In The New York Times, Molly Worthen — one of my favorite historians — looks at polarization today and, remarkably, finds some reasons for hope that it can be overcome. She quotes Eboo Patel, who has done pioneering work in this area: "I think there is a deep exhaustion in finding an enemy everywhere and turning everything into a fight." Color me skeptical. Worthen cites President Joe Biden: "Over the past six months Mr. Biden has been warning us, in his frank and ecumenical way, that Americans have become a bunch of idol worshipers. He's right. We have transformed political hatreds into a form of idolatry." Getting people to destroy the idols they have built is no easy task.
At The Atlantic, three professors — Richard Alba, Morris Levy and Dowell Myers — take on the idea that America is becoming a majority-minority nation, label it an inherently divisive myth, and, most damningly, false. The distinction between racial majority and minority misses the important rise of multiracial families and individuals. They write:
In reality, racial diversity is increasing not only at a nationwide level but also within American families — indeed within individual Americans. Nearly three in 10 Asian, one in four Latino, and one in five Black newlyweds are married to a member of a different ethnic or racial group. More than three-quarters of these unions are with a white partner. For more and more Americans, racial integration is embedded in their closest relationships.

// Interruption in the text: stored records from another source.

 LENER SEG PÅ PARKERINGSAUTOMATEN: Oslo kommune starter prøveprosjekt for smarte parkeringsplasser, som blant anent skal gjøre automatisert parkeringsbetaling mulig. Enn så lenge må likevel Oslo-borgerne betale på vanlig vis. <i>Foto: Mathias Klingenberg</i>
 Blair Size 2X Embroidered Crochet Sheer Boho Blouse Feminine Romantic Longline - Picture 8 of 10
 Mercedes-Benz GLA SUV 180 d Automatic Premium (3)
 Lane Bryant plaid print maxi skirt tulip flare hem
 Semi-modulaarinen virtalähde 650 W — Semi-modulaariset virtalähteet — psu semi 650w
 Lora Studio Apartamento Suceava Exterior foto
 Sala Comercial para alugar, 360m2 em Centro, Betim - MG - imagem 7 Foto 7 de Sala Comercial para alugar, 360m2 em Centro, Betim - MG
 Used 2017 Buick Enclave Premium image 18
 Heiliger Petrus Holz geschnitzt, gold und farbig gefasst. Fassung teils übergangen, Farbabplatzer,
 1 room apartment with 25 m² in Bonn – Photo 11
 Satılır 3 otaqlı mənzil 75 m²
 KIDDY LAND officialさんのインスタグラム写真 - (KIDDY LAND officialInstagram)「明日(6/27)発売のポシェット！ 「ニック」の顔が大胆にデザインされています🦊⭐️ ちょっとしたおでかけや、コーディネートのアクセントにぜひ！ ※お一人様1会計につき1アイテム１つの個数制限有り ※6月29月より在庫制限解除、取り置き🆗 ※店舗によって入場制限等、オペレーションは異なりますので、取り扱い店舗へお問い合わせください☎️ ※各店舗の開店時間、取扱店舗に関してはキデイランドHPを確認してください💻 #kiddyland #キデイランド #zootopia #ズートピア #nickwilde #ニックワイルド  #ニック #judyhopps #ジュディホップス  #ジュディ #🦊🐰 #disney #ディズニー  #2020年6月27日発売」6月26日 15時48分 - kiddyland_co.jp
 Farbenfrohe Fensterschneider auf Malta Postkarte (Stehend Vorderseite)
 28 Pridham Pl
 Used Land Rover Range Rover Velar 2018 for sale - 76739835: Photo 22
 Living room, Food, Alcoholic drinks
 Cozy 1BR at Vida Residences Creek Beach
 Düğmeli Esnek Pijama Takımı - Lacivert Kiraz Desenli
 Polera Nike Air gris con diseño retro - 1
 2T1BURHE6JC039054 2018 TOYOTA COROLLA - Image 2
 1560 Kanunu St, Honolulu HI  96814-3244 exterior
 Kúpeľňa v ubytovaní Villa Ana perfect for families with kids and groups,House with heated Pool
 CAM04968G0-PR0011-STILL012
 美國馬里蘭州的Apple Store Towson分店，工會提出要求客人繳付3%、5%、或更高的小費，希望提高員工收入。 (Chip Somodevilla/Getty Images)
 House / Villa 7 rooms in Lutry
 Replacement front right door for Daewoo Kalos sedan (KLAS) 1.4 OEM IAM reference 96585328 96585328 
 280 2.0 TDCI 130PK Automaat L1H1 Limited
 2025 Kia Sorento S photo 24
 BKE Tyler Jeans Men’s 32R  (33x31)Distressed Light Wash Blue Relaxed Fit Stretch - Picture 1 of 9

I am sure there will be strong pushback from other professors but I sure hope they are right. Racism may have met its match.
At the National Catholic Register, Michael Warsaw, publisher of the National Catholic Register and CEO of EWTN, has penned an essay on this week's U.S. bishops' conference debate about eucharistic coherence. It is not his lousy theology that surprises me: For him and other conservatives, they seem to think the real presence of Christ in the Eucharist is the starting point of a faith commitment. It is the sacrifice of Christ on the cross that makes his presence in the Eucharistic elements real. Someone should also tell Warsaw that the Eucharist is something the church does: Thanksgiving is a verb before it is a noun. But what is really appalling is the way he suggests the leadership of the conference is acting in accord with the recent letter from Cardinal Luis Ladaria, prefect of the Vatican's Congregation for the Doctrine of the Faith. That letter was a big flashing red light, and Warsaw is smart enough to know that. Still, none of us can see into another man's soul. I look forward to seeing him in person so I can ask if his misrepresentation is the result of bad faith or willful ignorance.
At Politico, Michele Berdy looks at the dissatisfaction in Russia that the campaign of Alexei Navalny demonstrated, but also at the repression that followed. The next time someone dismisses our constitutional norms as unimportant, or thinks liberalism has served its purpose and should be set aside, tell them to go to Russia.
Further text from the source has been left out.